Le cœur battant des Moody Blues
Né à Birmingham en 1943, John Lodge rejoint les Moody Blues en 1966, après les départs de Denny Laine et Clint Warwick. Avec le chanteur Justin Hayward, il devient rapidement l’un des piliers du groupe, contribuant à redéfinir le son du rock britannique de la fin des années 60. Ensemble, ils signent une série d’albums cultes, parmi lesquels Days of Future Passed (1967) et In Search of the Lost Chord (1968), considérés comme des précurseurs du rock progressif.
Basse en main et regard tranquille, Lodge a prêté sa voix à plusieurs titres marquants du groupe, dont Ride My See-Saw, Isn’t Life Strange et I’m Just a Singer (in a Rock and Roll Band). Ces chansons, entre mélodies psychédéliques et envolées orchestrales, ont marqué l’âge d’or du groupe, qui a vendu plus de 70 millions d’albums dans le monde et inspiré des artistes de Pink Floyd à Radiohead.
Une passion intacte jusqu’au bout
« John n’était jamais aussi heureux que sur scène », confie sa famille. Ces dernières années, il continuait à se produire, notamment avec son gendre Jon Davison, chanteur du groupe Yes. Ensemble, ils revisitaient les grands classiques des Moody Blues, pour le plus grand bonheur de fans restés fidèles malgré les décennies. « Thank you for keeping the faith », répétait-il toujours en fin de concert. Une phrase devenue symbole de son lien indéfectible avec son public.
Loin des excès du show-business, John Lodge se décrivait comme un « chrétien évangélique ». Sa foi, disait-il, l’avait aidé à garder les pieds sur terre dans un univers souvent dévorant. Marié depuis 1968 à Kirsten, il était père de deux enfants, Emily et Kristian.
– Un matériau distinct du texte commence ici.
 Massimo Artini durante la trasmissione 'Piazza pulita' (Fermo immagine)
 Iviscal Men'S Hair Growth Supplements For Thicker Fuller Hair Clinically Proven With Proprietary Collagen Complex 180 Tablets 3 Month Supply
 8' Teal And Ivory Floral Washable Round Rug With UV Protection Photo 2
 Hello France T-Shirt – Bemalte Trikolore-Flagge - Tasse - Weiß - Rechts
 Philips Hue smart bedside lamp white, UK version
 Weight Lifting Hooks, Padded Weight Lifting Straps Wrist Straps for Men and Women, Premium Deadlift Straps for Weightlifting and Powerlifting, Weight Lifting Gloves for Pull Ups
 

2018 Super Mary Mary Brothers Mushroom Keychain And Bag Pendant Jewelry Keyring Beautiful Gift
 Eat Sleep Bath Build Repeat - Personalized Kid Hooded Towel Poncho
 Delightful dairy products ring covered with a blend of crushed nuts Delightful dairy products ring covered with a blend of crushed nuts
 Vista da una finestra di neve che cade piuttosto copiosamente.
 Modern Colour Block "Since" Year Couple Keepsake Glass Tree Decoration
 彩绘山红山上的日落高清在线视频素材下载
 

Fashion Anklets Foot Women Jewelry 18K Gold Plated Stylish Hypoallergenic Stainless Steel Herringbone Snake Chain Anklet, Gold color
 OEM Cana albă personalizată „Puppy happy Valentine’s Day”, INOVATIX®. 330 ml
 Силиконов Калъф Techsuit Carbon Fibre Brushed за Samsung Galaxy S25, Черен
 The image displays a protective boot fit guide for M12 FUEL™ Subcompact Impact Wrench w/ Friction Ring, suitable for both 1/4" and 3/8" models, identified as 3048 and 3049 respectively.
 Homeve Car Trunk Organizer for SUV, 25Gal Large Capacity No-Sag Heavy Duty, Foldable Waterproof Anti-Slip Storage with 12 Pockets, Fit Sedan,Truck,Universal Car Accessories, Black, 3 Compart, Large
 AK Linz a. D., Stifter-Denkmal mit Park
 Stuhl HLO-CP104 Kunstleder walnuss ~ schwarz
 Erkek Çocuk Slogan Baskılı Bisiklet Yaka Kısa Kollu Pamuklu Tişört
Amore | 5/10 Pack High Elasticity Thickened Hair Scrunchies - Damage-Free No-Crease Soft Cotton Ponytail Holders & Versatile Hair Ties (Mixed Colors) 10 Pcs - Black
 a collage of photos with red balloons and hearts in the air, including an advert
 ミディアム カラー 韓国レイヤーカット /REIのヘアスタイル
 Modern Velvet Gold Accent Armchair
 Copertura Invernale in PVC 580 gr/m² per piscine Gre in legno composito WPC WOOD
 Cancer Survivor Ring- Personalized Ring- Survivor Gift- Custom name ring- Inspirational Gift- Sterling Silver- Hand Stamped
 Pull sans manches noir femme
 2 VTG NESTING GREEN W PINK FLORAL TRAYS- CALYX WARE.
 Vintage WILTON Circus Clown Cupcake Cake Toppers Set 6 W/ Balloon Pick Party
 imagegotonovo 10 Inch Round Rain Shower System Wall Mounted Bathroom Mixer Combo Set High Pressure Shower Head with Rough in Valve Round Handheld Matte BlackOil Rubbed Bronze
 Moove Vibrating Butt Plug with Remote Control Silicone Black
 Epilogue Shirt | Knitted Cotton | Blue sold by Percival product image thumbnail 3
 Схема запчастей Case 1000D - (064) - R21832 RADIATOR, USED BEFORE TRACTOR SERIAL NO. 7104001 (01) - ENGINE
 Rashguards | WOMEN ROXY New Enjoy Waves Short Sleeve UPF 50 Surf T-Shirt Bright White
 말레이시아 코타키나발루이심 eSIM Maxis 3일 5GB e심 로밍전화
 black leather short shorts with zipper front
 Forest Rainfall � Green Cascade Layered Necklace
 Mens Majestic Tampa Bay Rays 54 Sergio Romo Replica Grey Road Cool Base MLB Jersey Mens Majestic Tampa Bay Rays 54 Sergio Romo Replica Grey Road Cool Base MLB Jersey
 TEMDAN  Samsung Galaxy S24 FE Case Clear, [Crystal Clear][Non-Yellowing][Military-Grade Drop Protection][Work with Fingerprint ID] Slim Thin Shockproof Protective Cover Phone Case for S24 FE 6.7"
Sa fille a d’ailleurs inspiré la chanson Emily’s Song, parue en 1971 sur l’album Every Good Boy Deserves Favour.
Un héritage éternel
Pour les amateurs de rock progressif, la disparition de John Lodge sonne comme la fin d’une époque. Celle où la musique cherchait à raconter des histoires, à mêler poésie, science-fiction et symphonie. « Nous sommes brisés, mais nous marcherons vers la paix entourés de son amour », a écrit sa famille.
En coulisses comme sur scène, John Lodge incarnait la constance, la modestie et la passion. Et si la basse s’est tue, son héritage continue de vibrer à travers les accords de Nights in White Satin et les rêves qu’il a su faire naître chez tant de mélomanes.